Insia records a song wearing a niqab, so Farookh can't find out her identity, and uploads the video on YouTube under the name of 'Secret Superstar' using a laptop gifted to her by Najma. She becomes an overnight sensation and grabs the attention of Shakti Kumar, a talented but pretentious music director based in Mumbai. He requests Insia to record a song, but she refuses as she hears a lot of negative things about him. Due to Insia’s poor academic grades, Farookh rips out all the strings from her guitar.

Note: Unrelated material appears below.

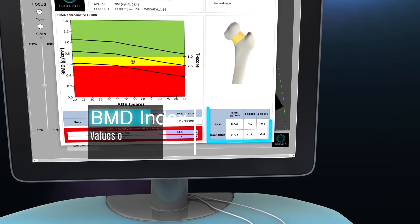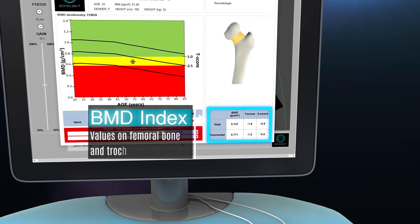The BMD, T-score and Z-score values of total femoral and trochanter are displayed on a bottom-right chart.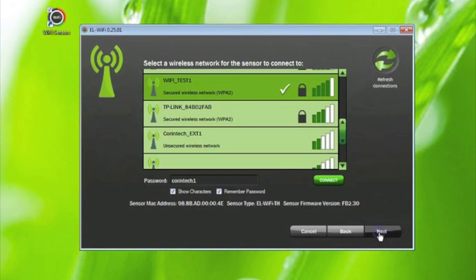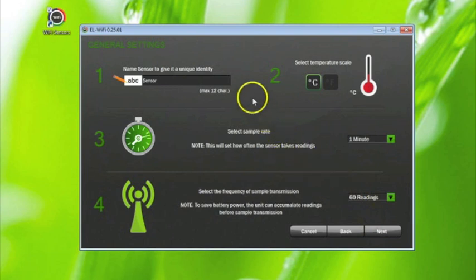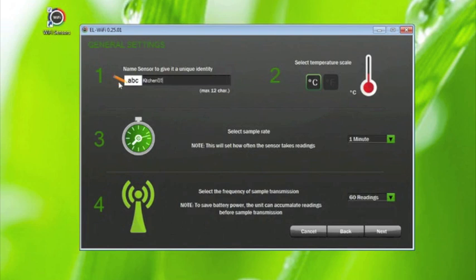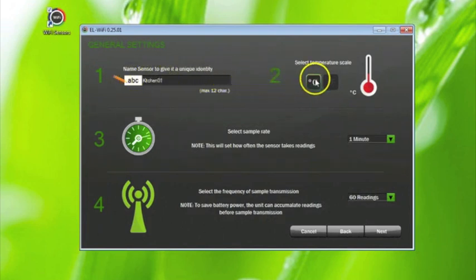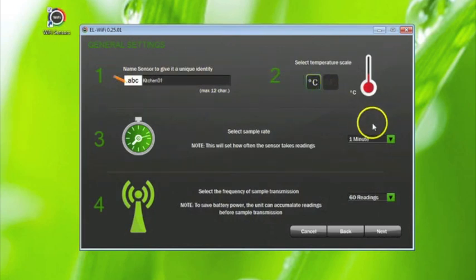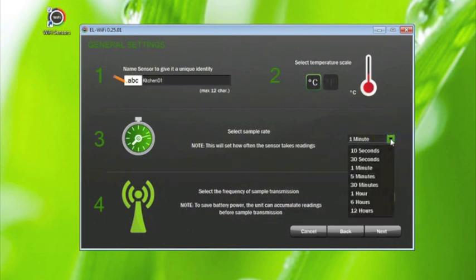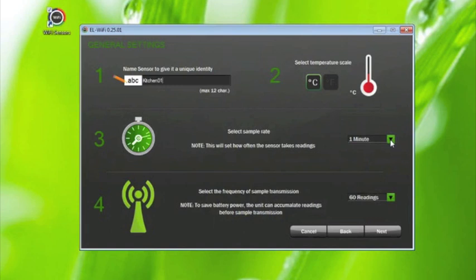Click next, which takes you to the general settings page. First, enter a unique name for the sensor in the box. Second, select if you want data in centigrade or Fahrenheit. Third, select the sample rate. This will set how often the sensor will take a reading.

The next night, after discovering that Najma sold a valuable necklace to buy Insia's laptop, Farookh thrashes his wife and orders his daughter to throw out the laptop. Insia gets so angry that she snatches the laptop and drops it from the balcony where it falls and shatters on the street. After fleeing from school to record a song for Kumar, she is unable to sing a certain party song. Insia tells this to Kumar, who reveals that it is a remix. He tells her about the original version which was launched ten years ago. After singing the original song, her fame grows and she is nominated for the Best Female Singer. Insia persuades Kumar to arrange a meeting with his ex-wife's lawyer. The lawyer prepares divorce papers for Najma to sign, and gives them to Insia.

Insia gives her mother the divorce papers, but her mother angrily refuses to sign them out of fear they will be left destitute without Farookh. Insia becomes frustrated with her mother, but later reconciles with her, after her grandmother reveals how Najma struggled to keep Insia alive since her birth. Farookh is offered a job in Riyadh and plans to move his family there, as well as marry Insia off to his friend's son. Devastated, she gives up her dream of singing and deletes her YouTube channel. Farookh confirms their departure on the last day of Insia's exams, though Najma promises to ensure her daughter’s education will continue.

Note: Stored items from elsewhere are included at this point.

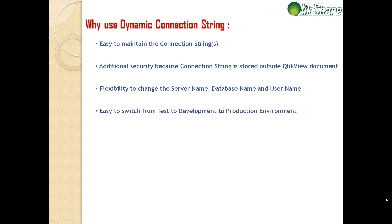Flexibility to change the server name, database name, and the username. If we are using the variables to pass in the server name, database name, and the username, I'll quickly show you the demo so you'll understand more about it.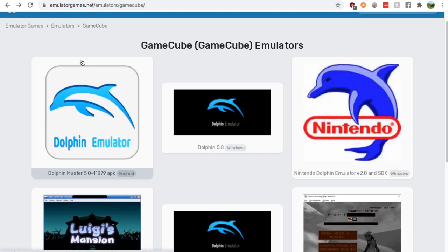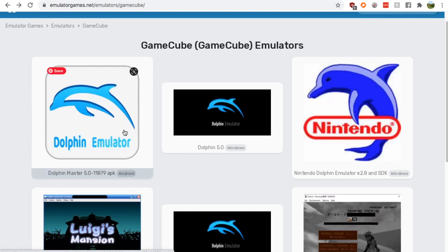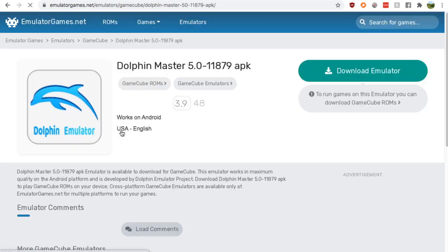Hey guys, it's Nick from Metro Games HQ, and today I'm going to show you where to find a GameCube emulator for your Android. It's pretty easy. Just Google GameCube emulator, go to the emulatorgames.net Google result, and you'll find yourself on this page.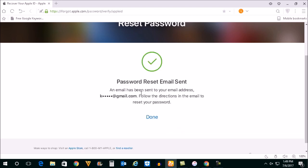You can see the password reset email has been sent to my email account. Select done. Now I will open my Gmail account.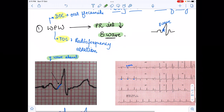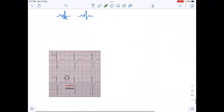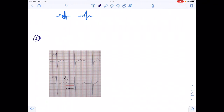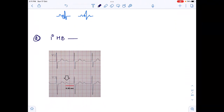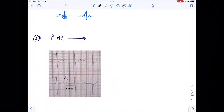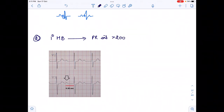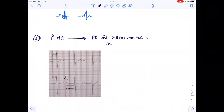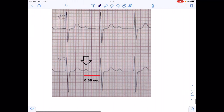Now let's move to AV block. There are first degree, second degree, and third degree heart blocks. For the first degree heart block, there is no absence of any wave. Instead, the PR interval is more than 200 milliseconds — this is the only finding for first degree heart block, and it is constant.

When they arrive at the airport, Farookh is unwilling to pay the extra fee for Insia's guitar case and demands that she throw it in the nearest trash can. After initially holding back her emotions, Najma finally stands up for herself in the face of Insia’s heartbreak and boldly protests. She angrily warns Farookh that should he lay his hand on her or their kids, he will face severe consequences and even lose his job in Riyadh. Najma then takes out the divorce papers, signs them, and thrusts them into Farookh's hands. She says her goodbyes to Farookh's mother and storms out of the airport with her children in tow, as a stunned Farookh tries to beg them for forgiveness. Najma borrows a stranger's cell phone and asks Insia to contact Kumar.

All three ultimately end up at the awards ceremony where Insia has been nominated for Best Female Singer. Unfortunately, Insia does not win the award. But the winner, Monali Thakur, graciously dedicates Insia her award, believing she rightfully deserved it. Kumar stands up and calls attention to Insia's presence in the audience. While walking onstage, Insia removes her niqab, revealing her true identity. She dedicates her award to her mother and proclaims her the true 'Secret Superstar' since Najma supported and fought for her even before her birth. She drops the microphone and runs toward her mother, and the two embrace to thunderous applause from the audience.

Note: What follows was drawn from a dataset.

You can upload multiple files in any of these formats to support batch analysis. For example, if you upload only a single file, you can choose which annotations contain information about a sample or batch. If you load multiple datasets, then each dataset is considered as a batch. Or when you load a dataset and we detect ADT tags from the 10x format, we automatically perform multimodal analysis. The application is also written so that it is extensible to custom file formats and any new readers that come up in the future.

The screen fades to a message dedicating the movie "To Mothers And Motherhood." Later, Shakti Kumar releases a cheesy party song on YouTube dedicated to Insia.

== Production ==
=== Development ===
Chandan conceived of the film during the first season of Aamir Khan's television talk show Satyamev Jayate. While doing the research on the episode about domestic violence, Advait Chandan came across Shanno, a single mother and a victim of domestic abuse. After her husband died, Shanno decided to join a driving school and become a driver so as to run her house, a decision that had the full support of her daughter who was willing to work as a maid so that her mother could go and learn driving. Shanno was successful in becoming a driver and through that she managed to support her house. This story redefined the word hero for Advait Chandan who says, "That is when I realised that my idea of a hero was really narrow. Shanno's daughter is the real hero here. The definition of a hero for me and what I was writing about, it totally changed at that moment."

During the third season of Satyamev Jayate, the first episode narrated the success story of ten year old Shubham Jaglan, son of a milkman and the youngest golf champion of India. Shubham revealed that he learned 60 per cent of Golf through YouTube videos. The story of Shubham further helped Advait Chandan in the development of his film Secret Superstar. Advait says that, "I feel like the middle class is really getting affected by the internet. I never went to film school, but I can sit here and watch a lesson on Stanley Kubrick's camera movements, for example. The internet is empowering the middle class in a way that really needed to be captured on film. That was the umbrella idea—a mother and daughter in middle-class, small-town India getting empowered by this amazing tool that is giving platform to talent."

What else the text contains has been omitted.